O que se apresenta como estímulo à indústria nacional é, na realidade, reforço da submissão: favorecem-se setores econômicos que nunca tiveram contradição com o imperialismo (à exceção do têxtil, em tempos idos) quebrando o que resta de uma das indústrias mais estratégicas para qualquer economia, a de bens de capital — já quase completamente dizimada durante o período Cardoso.

Sucateamento do Estado

Paralelamente, atuam outros instrumentos de transferência de renda das classes trabalhadoras para o capital externo e seus sócios menores. A liberação do uso de recursos do Fundo de Garantia por Tempo de Serviço (FGTS) no mercado financeiro, estabelecida no início do ano no âmbito do PAC, é uma clara amostra. Outro exemplo é a campanha de ataques à Seguridade Social, insuflada por instituições financeiras interessadas em apropriar-se do dinheiro descontado mensalmente pelos trabalhadores para o INSS e apoiada por entidades da burguesia burocrática, desejosas de compensar com o fim dos encargos previdenciários a sangria que o sistema financeiro lhes impõe com seus juros extorsivos.

Neste processo de aprofundamento da dominação externa, o próprio Estado perde força como elemento de mediação e torna-se, cada vez mais, alvo da rapina desses setores.

A mais clara expressão disto é a tentativa de desmantelamento do arremedo de serviço público existente no Brasil e sua transformação em fonte de lucros para entidades privadas.

Favorecida pela reforma administrativa de 1998, a contratação de funcionários públicos sob o regime celetista em vez do estatutário foi o primeiro golpe desfechado pela administração Cardoso contra a estrutura do Estado (antes, Collor já havia demitido milhares de empregados de diversas entidades da administração pública). A substituição de servidores concursados por pessoal terceirizado — sem garantias e sem concurso — foi o passo seguinte.

O terceiro passo — e mais grave — até então, não havia sido tentado em âmbito federal. Trata-se da delegação a empresas privadas da administração de repartições públicas.

Esta foi a receita aplicada em São Paulo pelo PSDB nos últimos dez anos. O sistema público de Saúde, por exemplo, passou a ser gerido por seus concorrentes da rede privada — uma das marcas da gestão Alckmin. Não há mais concursos: as administrações privadas contratam e demitem quem bem entendem.

Com a proibição da terceirização no serviço público federal pelo Tribunal de Contas da União, observou-se, a partir de 2003, uma tímida recomposição, com a abertura de concursos e a priorização da contratação pelo regime estatutário.
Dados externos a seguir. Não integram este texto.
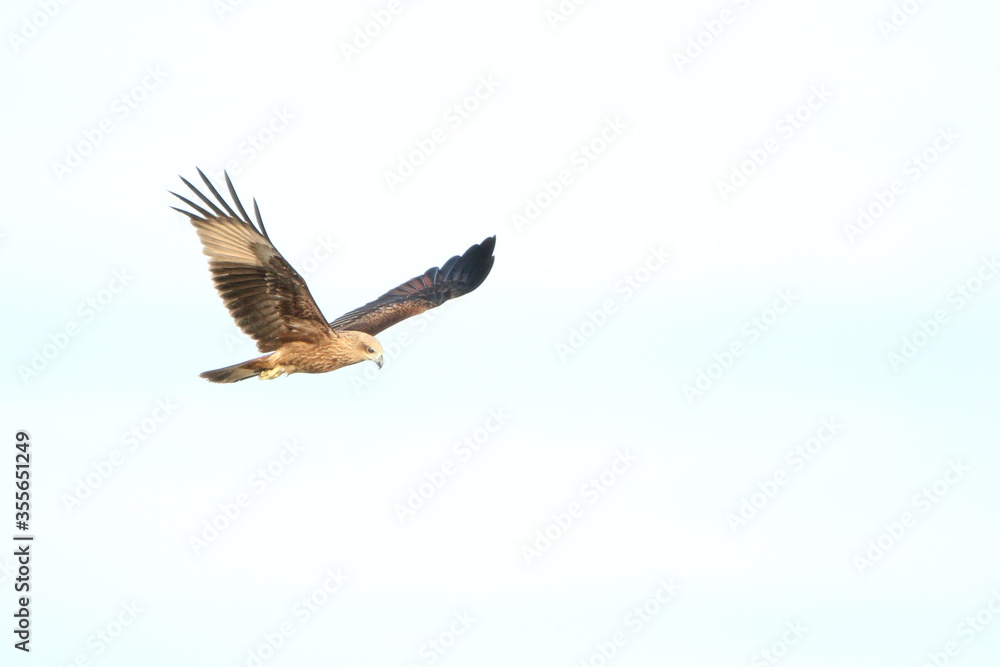 Obraz premium red tailed hawk in flight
Agora, a administração federal dá uma guinada: o Projeto de Lei Complementar 92, enviado ao Congresso em junho, autoriza o exercício de funções públicas por fundações de direito privado em diversas áreas.

Duas delas merecem destaque: Saúde (com expressa menção aos hospitais universitários, que o governo deseja ver transformados em Oscips — Organização da Sociedade Civil de Interesse Público, a exemplo dos hospitais paulistas) e Assistência Social (o que, aliado à campanha contra a Previdência, denota uma clara disposição em desmantelar o sistema de Seguridade Social estabelecido pela Constituição de 1988). A gerência FMI-PT parece definitivamente empenhada em eliminar qualquer vestígio de diferença entre sua administração e a de seu sinistro antecessor.


1 A Infraero — Empresa Brasileira de Infraestrutura Aeroportuária é uma empresa pública federal brasileira, criada pela Lei nº 5862, em 12 de dezembro de 1972, vinculada ao Ministério da Defesa, que administra infra-estrutura aeroportuária e aeronáutica, com 67 aeroportos, 81 unidades de apoio à navegação aérea e 32 terminais de logística de carga.